Loving In Deed

Valentine's DayIt’s that time of year again, the time of year men bemoan and women anxiously fret over whether or not their men will come through or, if single, if they will spend the day alone. Yes, it’s Valentine’s Day! As I’ve grown older, the meaning of the day has changed a lot for me, likely primarily because I have outgrown a lot of that high school insecurity. However, as much as I think we shouldn’t overvalue Valentine’s Day, I do think it is important to remember the importance of what the day is meant to celebrate and encourage: love.

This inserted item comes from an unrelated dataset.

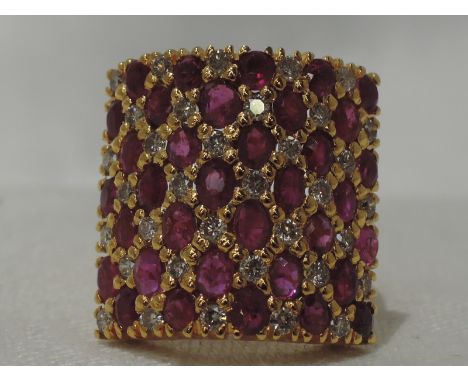 A lady's dress ring having a ruby and diamond set panel on a yellow metal loop, no marks previously tested as 18ct gold, with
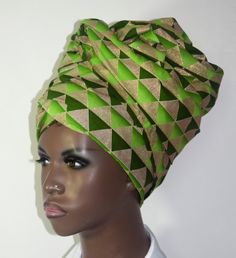 This wrap is made from a beautiful Wooding  African print fabric, in shades of green and gold. Pair with your matching outfit and be a hit.https://www.etsy.com/listing/187378561/fya-volume-cap-with-anti-slip-headband?ref=shop_home_active_14Wrap in your desired style.100% CottonWoodingHand wash / Machine wash Handmade in USA Elegant Green Headwrap For Party, Elegant Green Festive Fabric, Elegant Green Fabric For Festive Occasions, Traditional Green Turban, Green Bohemian Turban, Green Bohemian Turban One Size, Fitted Green Festive Fabric, Bohemian Green Adjustable Headwrap, Fitted Green Fabric For Festive Occasion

Little children, let’s not love in word or talk, but in deed and in truth. – 1 John 3:18

A major theme in Scripture is our responsibility to “love one another as [Christ has] loved you” (John 5:12). Call me crazy, but that sounds… well…hard. Like, really hard. I could be wrong, but I don’t think, Jesus was talking about giving each other chocolates one day a year. I also don’t think he was talking about giving said chocolates to just our significant others. I think, just maybe, He was talking about something bigger, much bigger.

So how can we love one another, like we are commanded? Well, fortunately, one of the ways you can do it is with food! (Yes, that’s always a wonderful answer!)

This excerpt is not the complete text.